Neat Allen Sawyer appeals the district court’s dismissal of his 28 U.S.C. § 2255 motion challenging his guilty plea to “honest services mad fraud” under 18 U.S.C. §§ 1341 and 1346. We affirm the dismissal of his § 2255 motion because Sawyer’s plea agreement prohibits him from filing such a motion attacking his conviction or sentence.

Sawyer, a former prosecutor, misused his position as former Chief Deputy Director of the California Office of Criminal Justice Planning by attempting to influence state officials and agencies to take official actions that would benefit a corporation in which Sawyer had a personal financial interest. Sawyer’s plea agreement included a waiver of his right to appeal his conviction and sentence, including a waiver of any post-conviction attack. During the plea colloquy, the district judge asked Sawyer whether he understood the plea, but did not describe the waiver in such precise terms. Sawyer answered in the affirmative.
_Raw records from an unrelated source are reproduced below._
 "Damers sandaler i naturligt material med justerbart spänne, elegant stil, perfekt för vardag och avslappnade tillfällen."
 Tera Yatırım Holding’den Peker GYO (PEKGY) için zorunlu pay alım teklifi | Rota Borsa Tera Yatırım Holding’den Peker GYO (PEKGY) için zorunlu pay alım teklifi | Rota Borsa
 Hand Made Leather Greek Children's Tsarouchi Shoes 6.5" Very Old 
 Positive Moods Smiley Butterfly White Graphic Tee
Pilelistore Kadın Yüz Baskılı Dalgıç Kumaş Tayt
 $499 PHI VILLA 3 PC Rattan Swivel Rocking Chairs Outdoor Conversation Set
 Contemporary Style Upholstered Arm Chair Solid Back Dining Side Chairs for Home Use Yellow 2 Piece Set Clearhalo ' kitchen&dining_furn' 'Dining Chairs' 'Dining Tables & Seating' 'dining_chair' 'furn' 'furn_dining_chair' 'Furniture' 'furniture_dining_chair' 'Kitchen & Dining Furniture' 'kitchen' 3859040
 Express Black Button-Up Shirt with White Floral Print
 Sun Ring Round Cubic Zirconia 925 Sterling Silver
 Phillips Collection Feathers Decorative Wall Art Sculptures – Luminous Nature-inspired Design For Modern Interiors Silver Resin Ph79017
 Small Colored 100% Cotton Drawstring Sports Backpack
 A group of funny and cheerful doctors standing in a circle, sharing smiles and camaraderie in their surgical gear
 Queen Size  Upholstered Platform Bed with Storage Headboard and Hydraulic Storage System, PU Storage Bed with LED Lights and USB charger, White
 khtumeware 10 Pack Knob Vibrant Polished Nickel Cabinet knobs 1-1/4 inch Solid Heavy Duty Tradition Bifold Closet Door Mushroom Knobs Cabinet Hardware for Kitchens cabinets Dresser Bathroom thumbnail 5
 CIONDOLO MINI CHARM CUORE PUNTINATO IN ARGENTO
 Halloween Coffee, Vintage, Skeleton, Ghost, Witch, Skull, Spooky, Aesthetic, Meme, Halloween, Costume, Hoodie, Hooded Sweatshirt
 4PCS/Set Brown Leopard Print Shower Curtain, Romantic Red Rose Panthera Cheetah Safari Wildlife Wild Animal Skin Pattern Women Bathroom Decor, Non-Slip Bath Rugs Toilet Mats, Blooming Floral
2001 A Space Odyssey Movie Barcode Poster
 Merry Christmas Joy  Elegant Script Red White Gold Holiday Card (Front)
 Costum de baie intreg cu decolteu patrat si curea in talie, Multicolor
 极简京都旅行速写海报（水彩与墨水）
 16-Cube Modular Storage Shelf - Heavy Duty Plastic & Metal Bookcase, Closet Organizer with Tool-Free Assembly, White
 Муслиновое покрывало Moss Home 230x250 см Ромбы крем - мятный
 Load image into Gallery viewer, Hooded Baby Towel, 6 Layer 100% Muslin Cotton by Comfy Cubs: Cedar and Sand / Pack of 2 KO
Ultimately, he was sentenced to six months in prison, six months of house arrest with electronic monitoring, and three years of supervised release.

Generally, courts will enforce a waiver of the right to appeal if “(1) the language of the waiver encompasses the defendant’s right to appeal on the grounds claimed on appeal, and (2) the waiver is knowingly and voluntarily made.” United States v. Nunez, 223 F.3d 956, 958 (9th Cir.2000) (quoting United States v. Martinez, 143 F.3d 1266, 1270-71 (9th Cir.1998)). Sawyer appears to concede, as he must, that his waiver was knowingly and voluntarily made. In an attempt to escape his plea agreement and its direct prohibition of his current § 2255 motion, Sawyer relies on United States v. Buchanan, 59 F.3d 914 (9th Cir.1995), to argue that the district judge’s statements during the plea colloquy limited his waiver and allow him to challenge his conviction. Buchanan, however, is inapposite. This is not a case where Sawyer “could have a reasonable expectation” that he could challenge his conviction, because nothing the district judge said at sentencing contradicted the terms of the written plea agreement. Buchanan, 59 F.3d at 917. Accordingly, we conclude that the language of waiver in Sawyer’s plea agreement is enforceable.

Sawyer further argues that the waiver should not be upheld on public policy grounds because he is “factually innocent.” See Bousley v. United States, 523 U.S. 614, 622, 118 S.Ct. 1604, 140 L.Ed.2d 828 (1998). Sawyer points to no legal development directly on point for the proposition that the conduct to which he pled did not constitute a crime. United States v. Weyhrauch, 548 F.3d at 1247-48 (9th Cir.2008), specifically stating that “we need not define the outer limits of public honest services mail fraud,” does not change this conclusion. It is apparent that Sawyer’s habeas petition was not one of actual or factual innocence, but a legal challenge to what is sufficient in this circuit to constitute honest services mail fraud. Compare Bousley, 523 U.S. at 623-24, 118 S.Ct. 1604. Therefore, his waiver is not excepted, and his § 2255 motion fails.

AFFIRMED.

This disposition is not appropriate for publication and is not precedent except as provided by 9th Cir. R. 36-3.